3. Do the new reading and writing illustrations show students’ work at level 5 in English?
Yes, but they also show students using subject-specific reading and writing knowledge and skills as they work in science and the social sciences.
4. What do the labels “Core”, “English”, “Science”, or “Social sciences” mean on the reading and writing illustrations?
The core reading and writing illustrations describe student responses to a wide range of texts and tasks that are typical of classroom programmes in years 1 to 8.
The illustrations that are labelled English, social sciences, and science demonstrate the specific disciplinary literacy knowledge and skills embedded in rich learning tasks used in typical English, science, and social sciences classroom programmes in years 9 and 10.
5. Why do the reading and writing progressions focus on English, science, and the social sciences?
English, science, and social sciences were selected to be exemplified in the extended framework because all students in years 9 and 10 engage with these areas, and all three areas contain literacy-rich learning activities.
6. What has changed in maths?
Nineteen new illustrations have been added to the mathematics framework.
- New illustrations have been added to the existing set of illustrations at the top of the two statistics aspects.
- An additional set of illustrations has been added to the top end of the other aspects, with the exception of the additive thinking aspect. A new set of illustrations was not added to the additive aspect because students’ additive strategies are fully developed at level 4 of the NZC.
These new illustrations describe students’ knowledge, skills, and attitudes when they are working in mathematics and statistics at level 5 of the NZC.
7. Why are there no cross-curricular labels on the mathematics illustrations?
Unlike mathematics and statistics, reading and writing are not learning areas of the NZC, so cross-curricular illustrations were needed. Although some of the tasks in the mathematics illustrations are set in the context of other learning areas, they were all specifically developed to illustrate learning in mathematics and statistics.
8. How do we get started as a secondary school using PaCT?
Follow the getting started process on the PaCT info website www.pactinfo.education.govt.nz (external link) and if you need assistance, email firstname.lastname@example.org
9. How could my school use PaCT to make judgments about the reading and writing of students in years 9 and 10?
Schools decide which students they will use PaCT with. This could be the entire year group or targeted students.
Students in years 1 to 8 are mostly taught by one teacher who is therefore able to make judgments about how their students use their reading and writing in different areas of the curriculum. PaCT provides an opportunity for teachers to consider how students in years 9 and 10 use their reading and writing in English, science, and social sciences. Because it is unlikely that a student will have the same teacher for these three learning areas, schools will need to decide who is going to contribute to the judgment process. If more than one teacher is going to be involved, schools will need to decide how these teachers will work together, as only one judgment per aspect can be entered into PaCT. Possible options include judgments being made by:
- a literacy lead teacher
- a whānau/home room teacher in years 9 and 10
- the students’ English teacher
- some or all of the students’ teachers working collaboratively on some or all of the reading and writing aspects
- students participating in the judgment process by self-assessing against some or all of the aspects.

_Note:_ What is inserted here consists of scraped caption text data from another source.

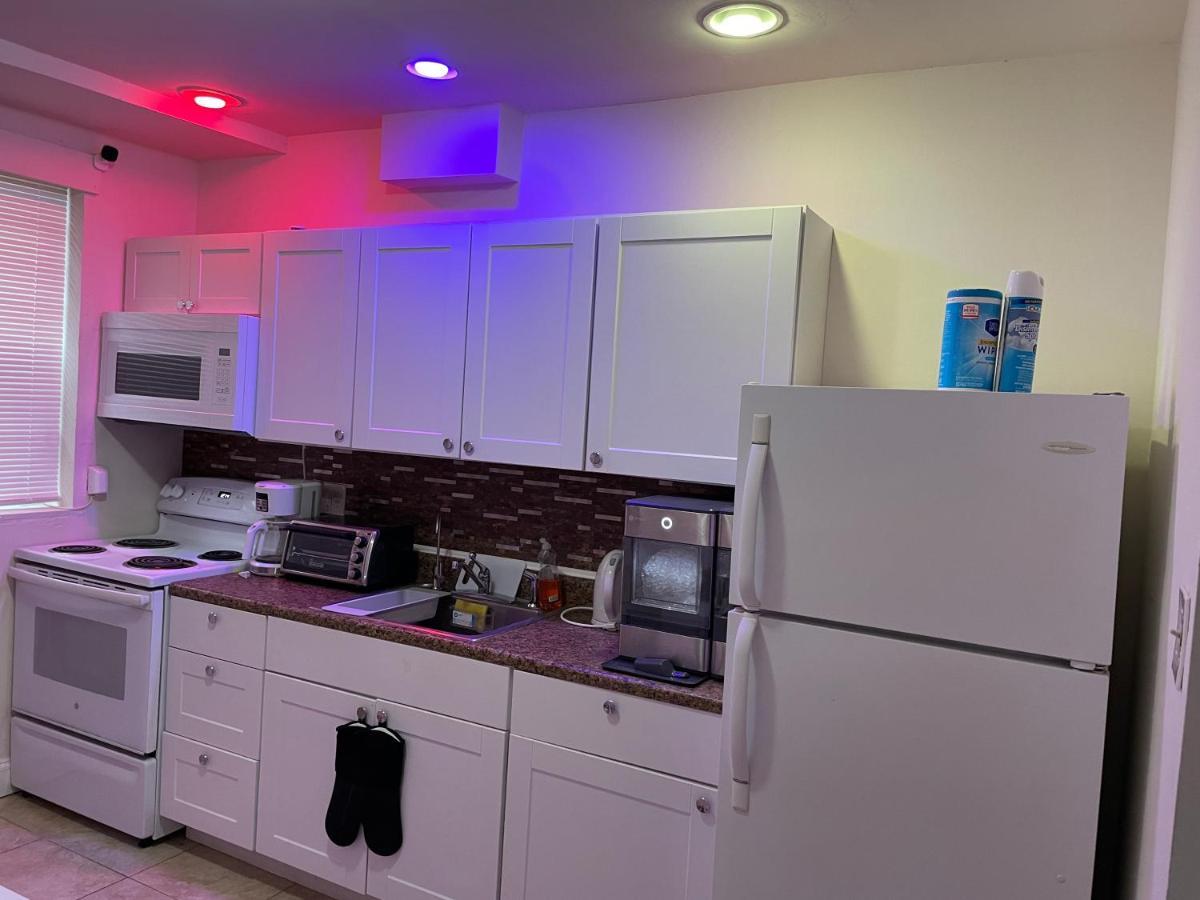 Downtown Home - Close To Topgolf, Ravens Stadium, Orioles Park, Um Baltimore Ngoại thất bức ảnh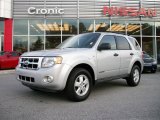 2008 Ford Escape XLT V6
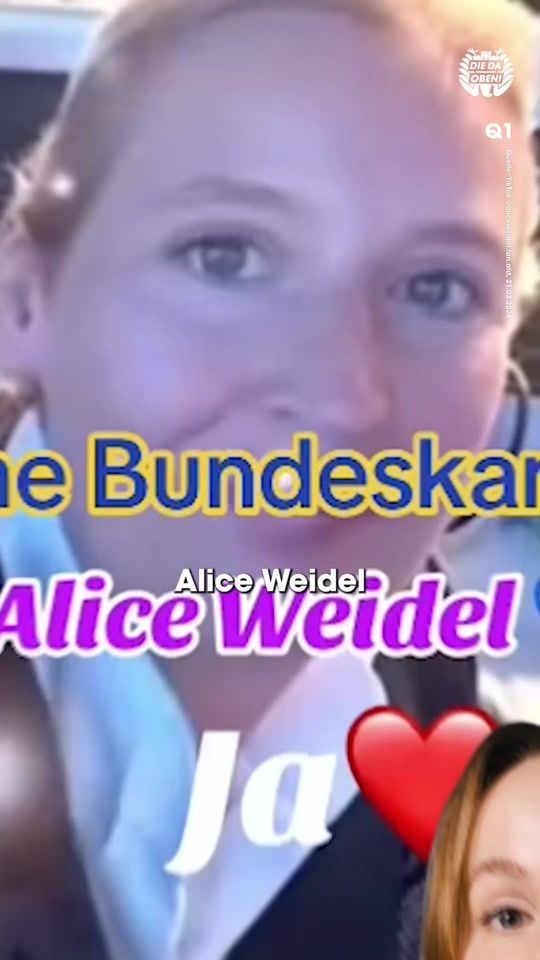 TikTok video thumbnail by die.da.oben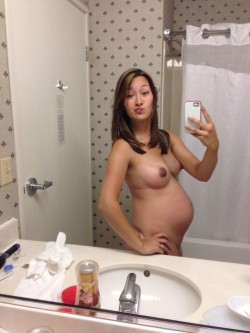 preg56i.tumblr.com post 158860953659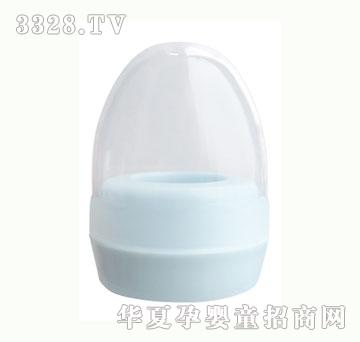 ؐ��A1155�˜ʿڏ���Û����ƿ�w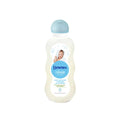 Denenes Very Soft Eau De Cologne 600ml
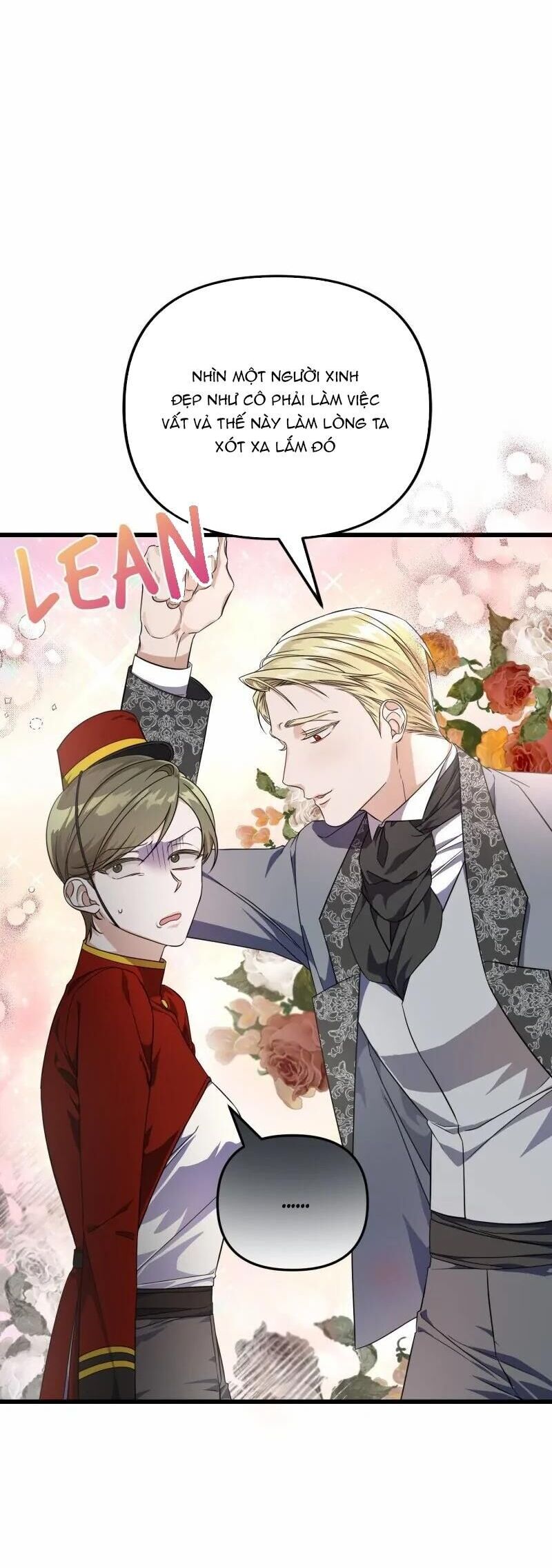 Sự Quyến Rũ Của Người Vợ [Chap 0-51]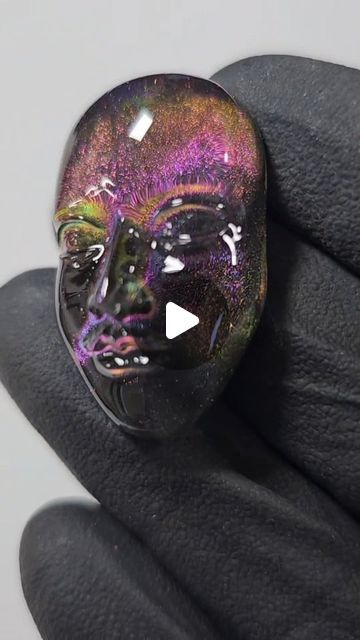 Daniel Cooper on Instagram: "Sometimes, It's Not Just The Art.... It's The Sound And The Art!  Making a resin art Galaxy Pendant.  This sound just works perfectly for this one!  Resin art, resin, resin jewelry, resin jewellery, jewelry making, jewellery making   #resinart #resin #jewelrymaking" Galaxy Resin Art, Galaxy Pendant, Making Jewellery, Resin Jewellery, Art Making, Jewelry Resin, Epoxy Resin Art, Art Resin, Jewellery Making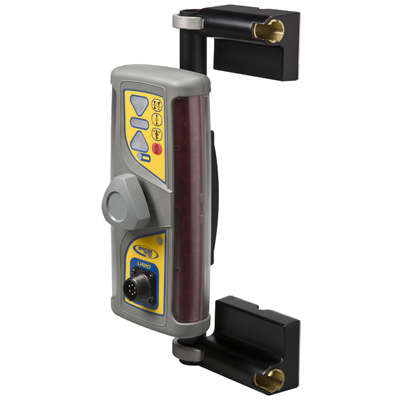 Приемник лазерного луча Spectra Precision LR20-1
 LR20-1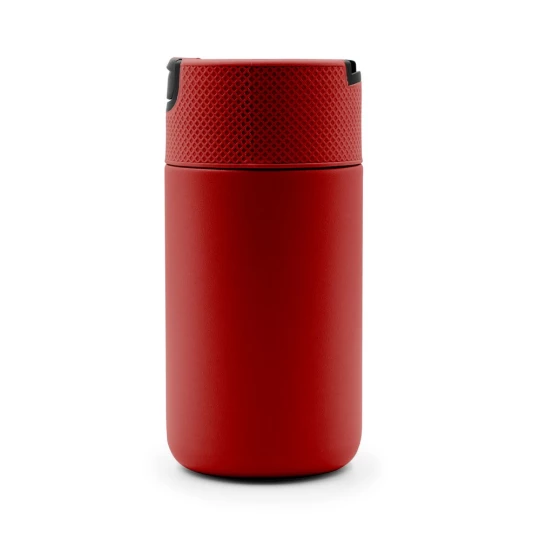 Thermo mug 400 ml | Raylee (V1167-05)-1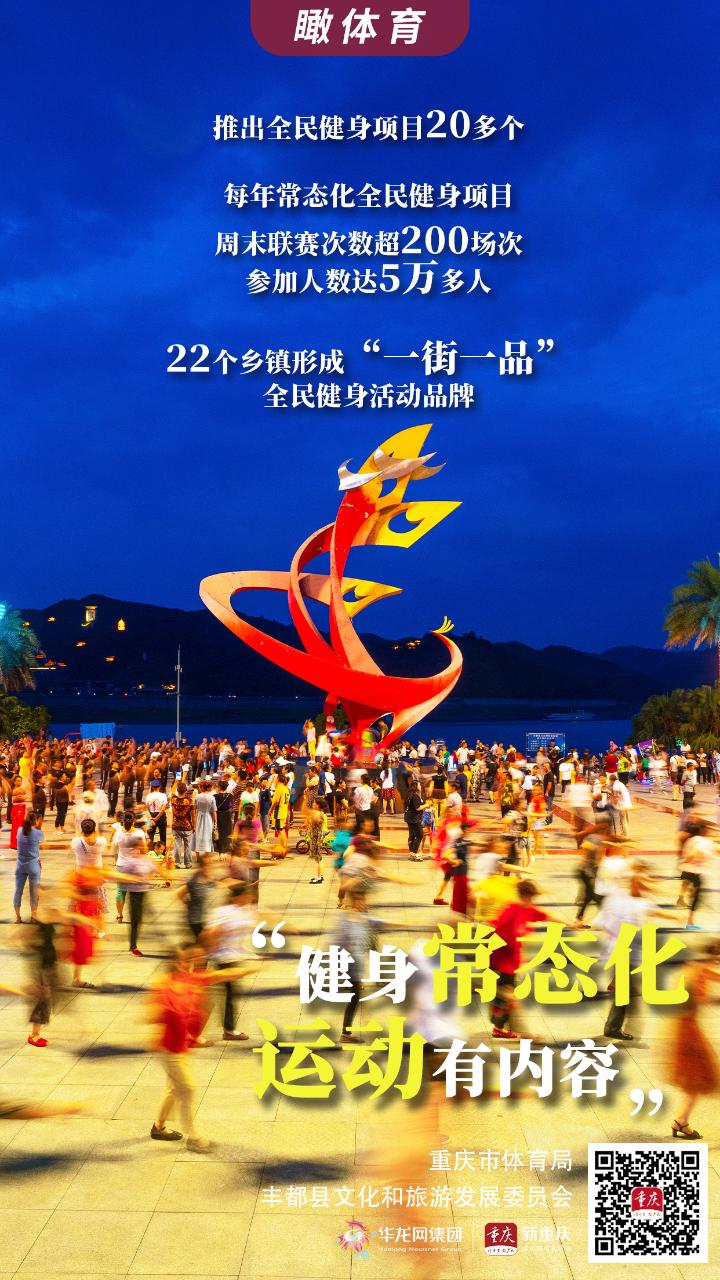 万博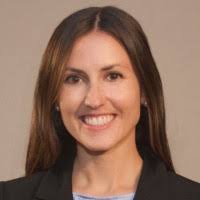 50+ "Jo Kinney" profiles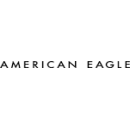 American Eagle  discount code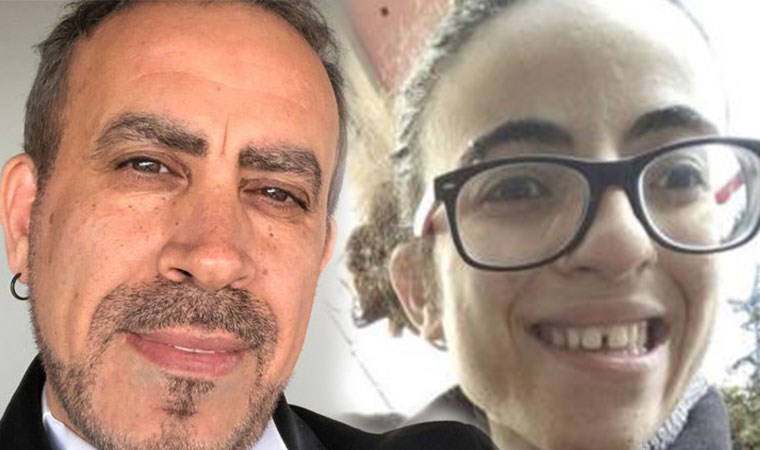 Haluk Levent'in bu sözü destek gördü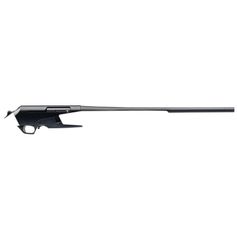 CARCASSE BAR 4X ACTION HUNTER SV 300WIN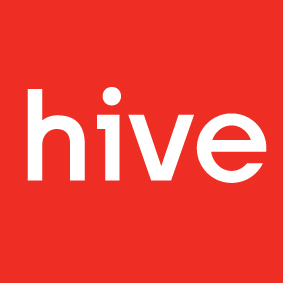 hive
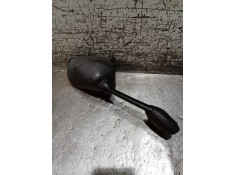 Recambio de retrovisor derecho para yamaha yzf-r yzf-r6 (rj03) referencia OEM IAM   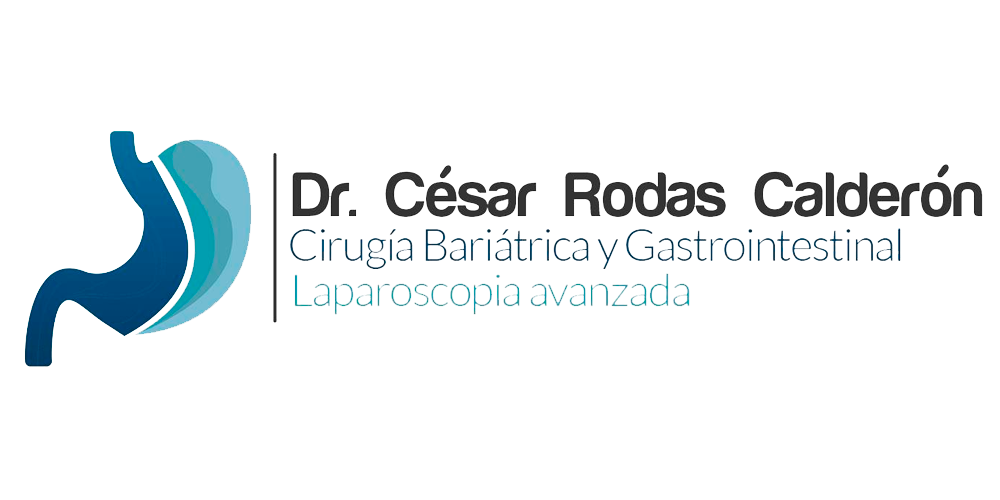 Logo-Cesar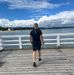 Karol Kogut - Facebook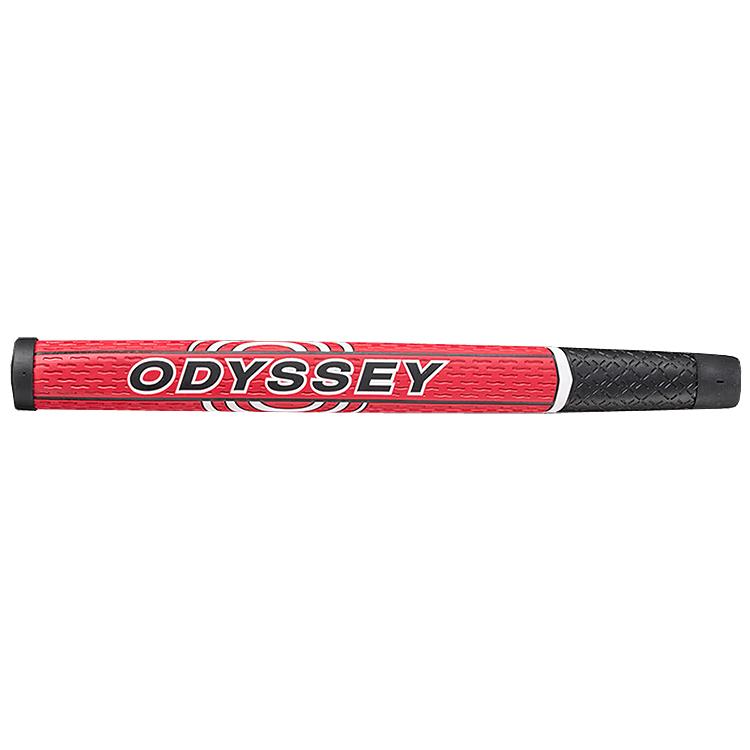 ODYSSEY（キャロウェイゴルフ） ODYSSEY オデッセイ 日本正規品 Ai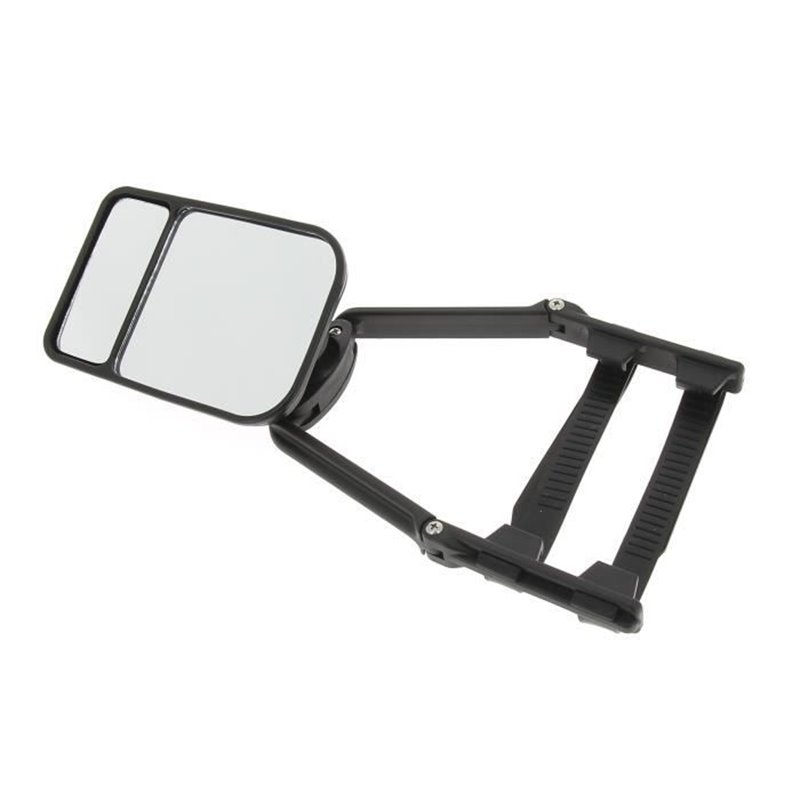 Image secondaire de Rétroviseur articulé voiture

10. How could my school use PaCT to make judgments about the maths of students in years 9 and 10?
Students’ maths teachers are likely to be the ones best placed to make these judgments. They will be most familiar with what individual students know and can do across the breadth of the mathematics and statistics learning area. Teachers could also choose to involve students in making judgments, introducing an aspect of self-assessment
11. How could the new illustrations be useful to teachers of students in years 1 to 8?
All teachers will find the frameworks, which now extend from years 1 to 10, helpful for understanding how students’ expertise develops as they move through their schooling. The new illustrations will prompt teachers, particularly of students in years 7 and 8, to consider the kinds of opportunities their current classroom programme should provide in order for their students to enter secondary school well equipped with the literacy and mathematics needed for successful learning.